Site Reliability Engineer

last updated June 30, 2021 16:15 UTC

HQ: Remote

Full-Time
Full-Stack Programming

more jobs in this category:

We are looking for Site Reliability Engineers to join our new SRE team. As part of the team you will be taking responsibility for availability, latency, performance, efficiency, change management, monitoring, emergency response, and capacity planning of customer applications and infrastructure.

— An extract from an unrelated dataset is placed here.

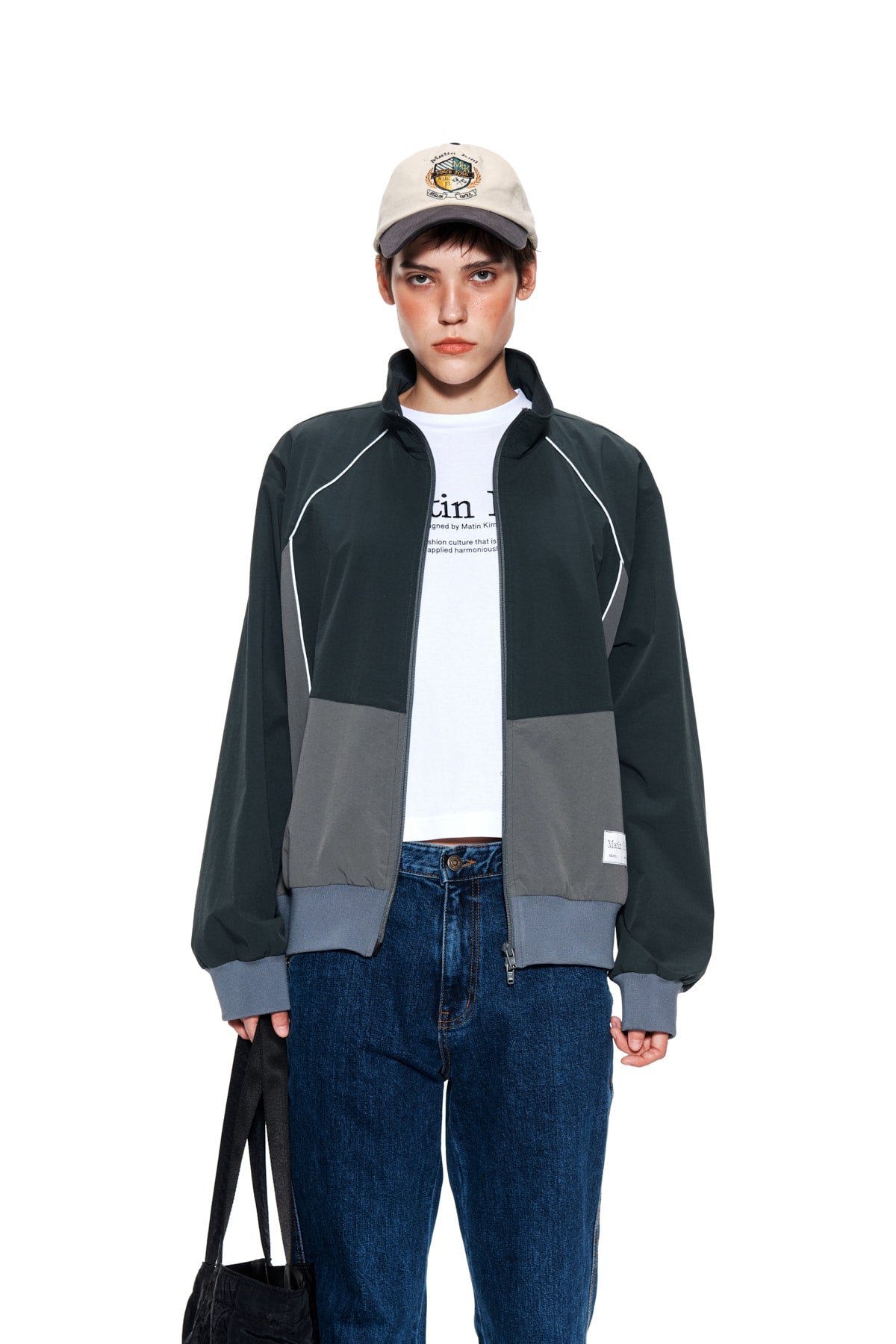 Matinkim Piping Track Jumper For Men IN Dark Green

What your day-to-day will look like:

Participate in your team’s effort to continuously improve our customer’s production environments
Own your team’s tech and tools stack and contribute to the relevant Open Source projects
Design, analyse and troubleshoot large-scale distributed systems
Being part of your team’s on-call rotation
Learn and share by being part of the Cloud Native community through blog post and conference talks
Automatealmostall the things

Skills and requirements:

Strong engineering OR operations background and the urge to master both disciplines
An analytical mind, debugging and problem solving skills

Strong written and spoken technical communication
Flexibility to learn about and work with different technical environments and teams

Bonus Points (we value curiosity and ability to learn over previous experience):

Strong understanding of the Kubernetes API, core principles and components
Strong knowledge of Linux networking and security related to containers
Production experience with at least one common CI/CD system
Production experience with at least one major cloud provider
Production experience with at least one modern infrastructure automation or configuration management system
Ability to contribute to polyglot code bases

We are building a remote first team across multiple time zones to allow a follow the sun on-call rotation. We are not hiring job descriptions. We hire humans. 🙂 We welcome applications from everybody, regardless of ethnic or national origin, religion, gender identity, sexual orientation or age.